▶ [Your objective]
Apart from the pictures, everything in the lines below must be printed exactly.

Start of Information shown

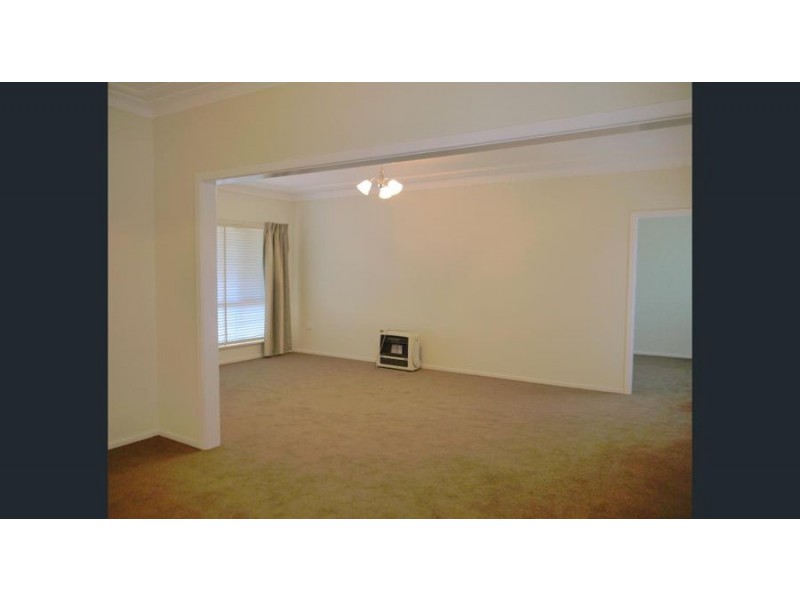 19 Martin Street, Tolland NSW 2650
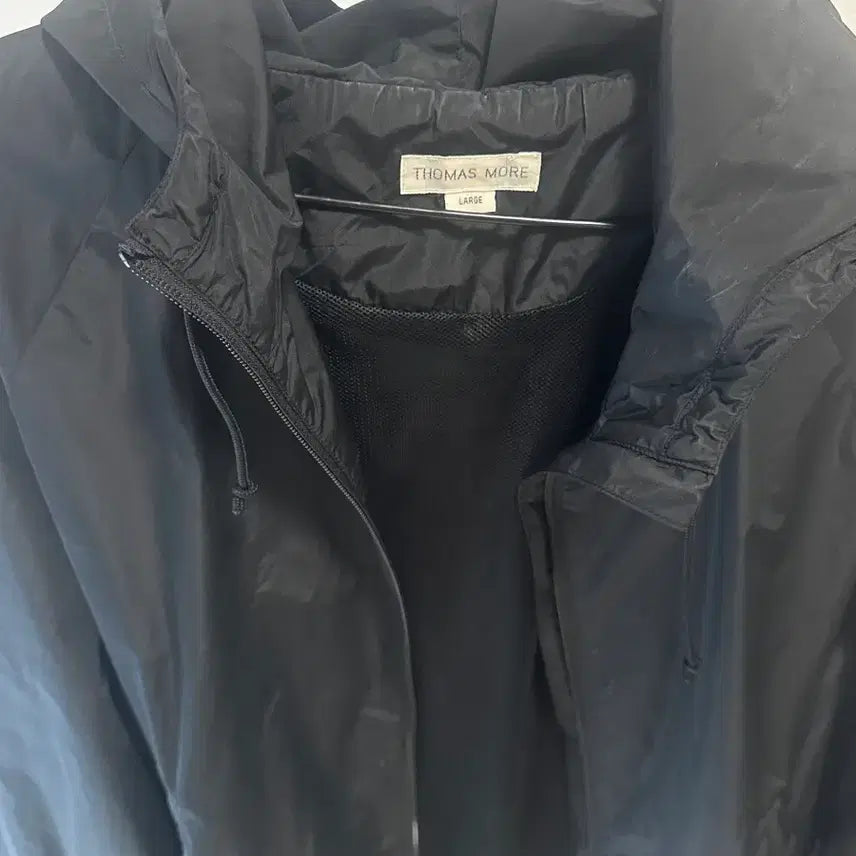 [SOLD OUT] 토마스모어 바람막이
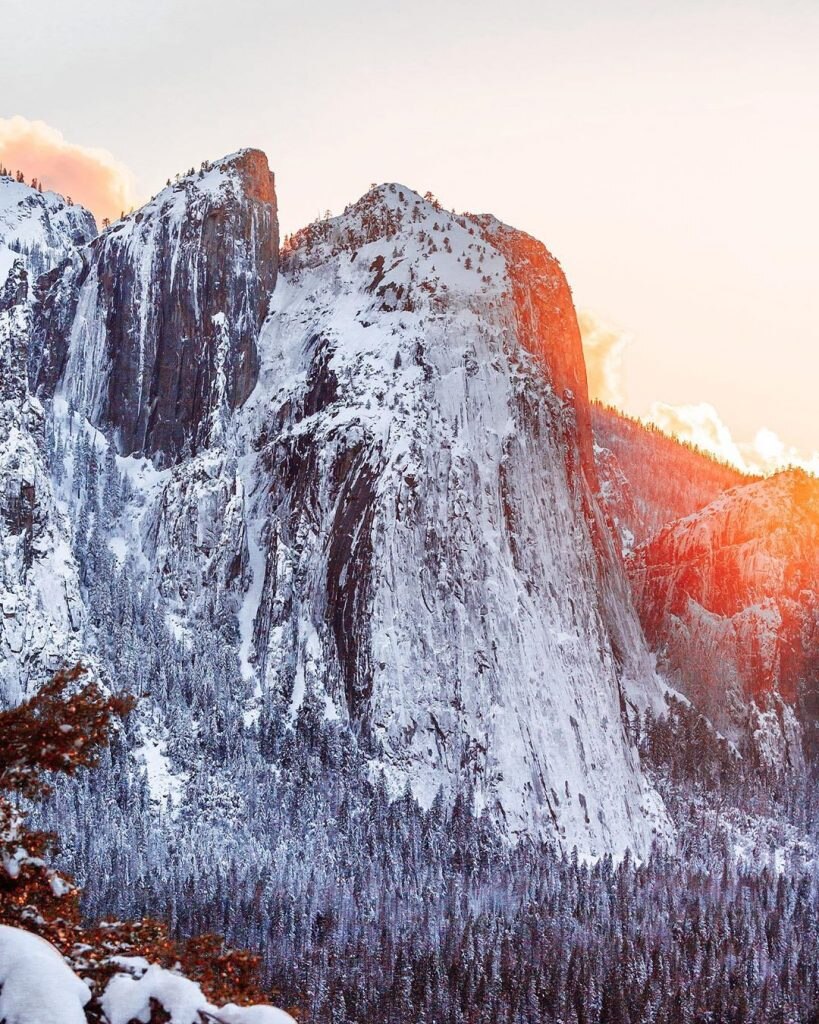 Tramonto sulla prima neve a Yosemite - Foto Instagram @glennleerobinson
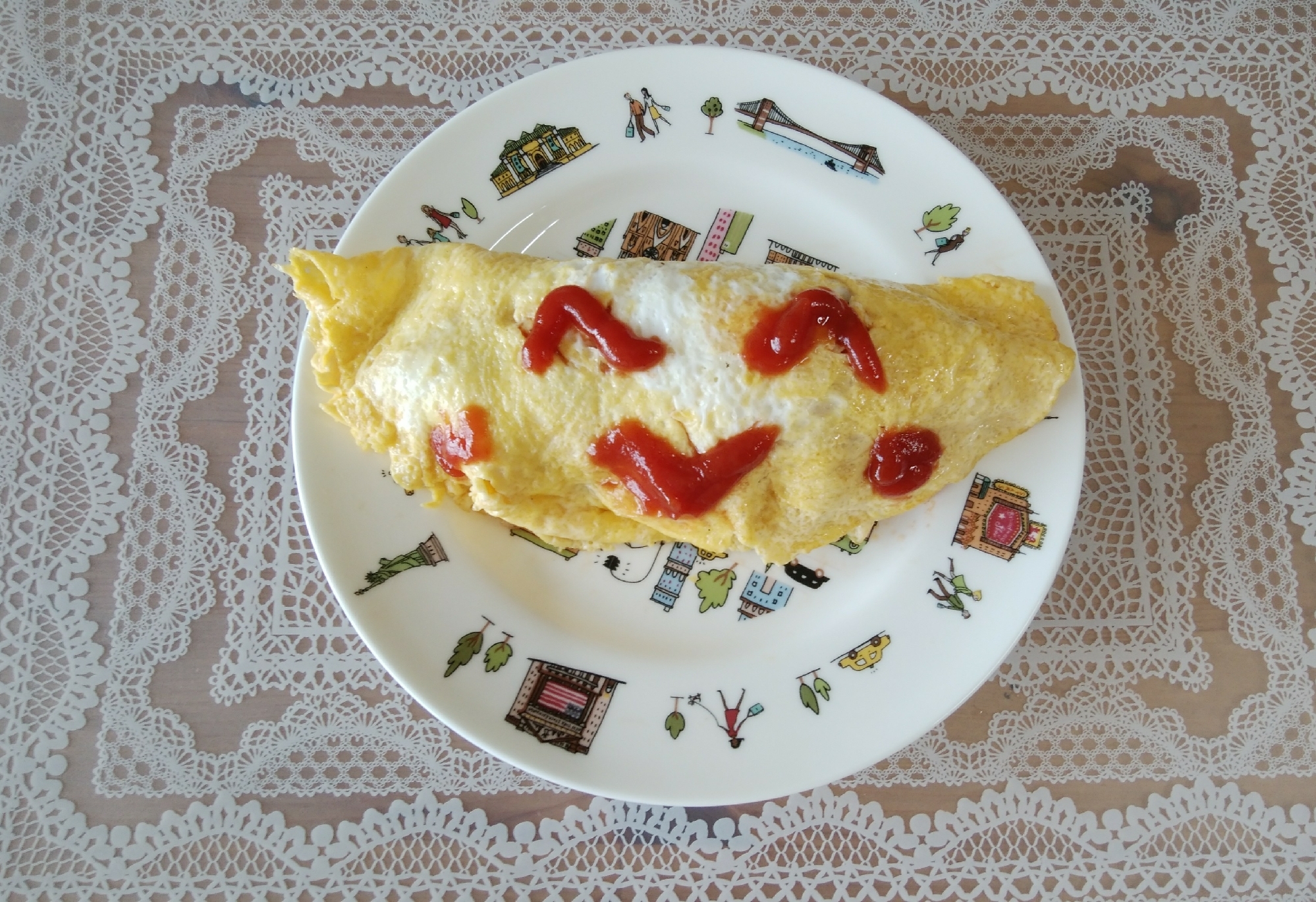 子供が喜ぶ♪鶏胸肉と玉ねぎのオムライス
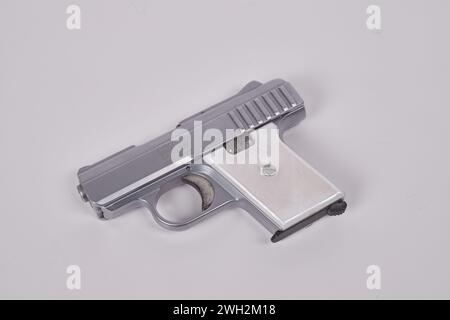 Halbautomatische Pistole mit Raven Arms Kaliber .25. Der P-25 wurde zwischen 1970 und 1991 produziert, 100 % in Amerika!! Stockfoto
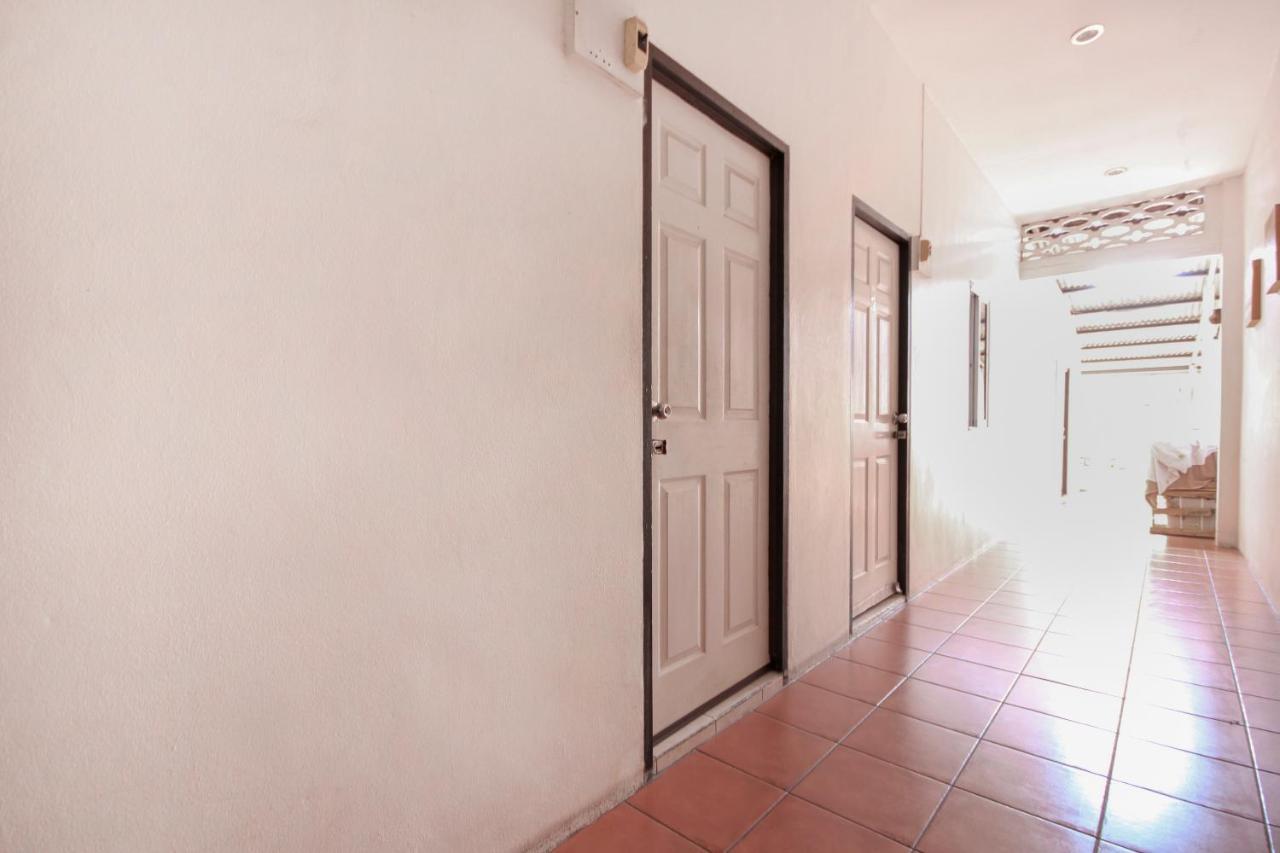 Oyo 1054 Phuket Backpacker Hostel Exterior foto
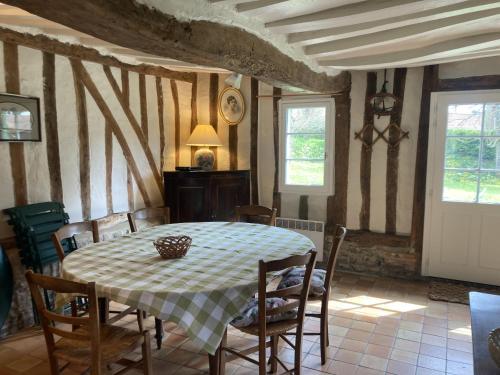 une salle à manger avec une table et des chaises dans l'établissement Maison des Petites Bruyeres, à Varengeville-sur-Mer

End of Information shown

▶ [Response below]
 19 Martin Street, Tolland NSW 2650
 [SOLD OUT] 토마스모어 바람막이
 Tramonto sulla prima neve a Yosemite - Foto Instagram @glennleerobinson
 子供が喜ぶ♪鶏胸肉と玉ねぎのオムライス
 Halbautomatische Pistole mit Raven Arms Kaliber .25. Der P-25 wurde zwischen 1970 und 1991 produziert, 100 % in Amerika!! Stockfoto
 Oyo 1054 Phuket Backpacker Hostel Exterior foto
 une salle à manger avec une table et des chaises dans l'établissement Maison des Petites Bruyeres, à Varengeville-sur-Mer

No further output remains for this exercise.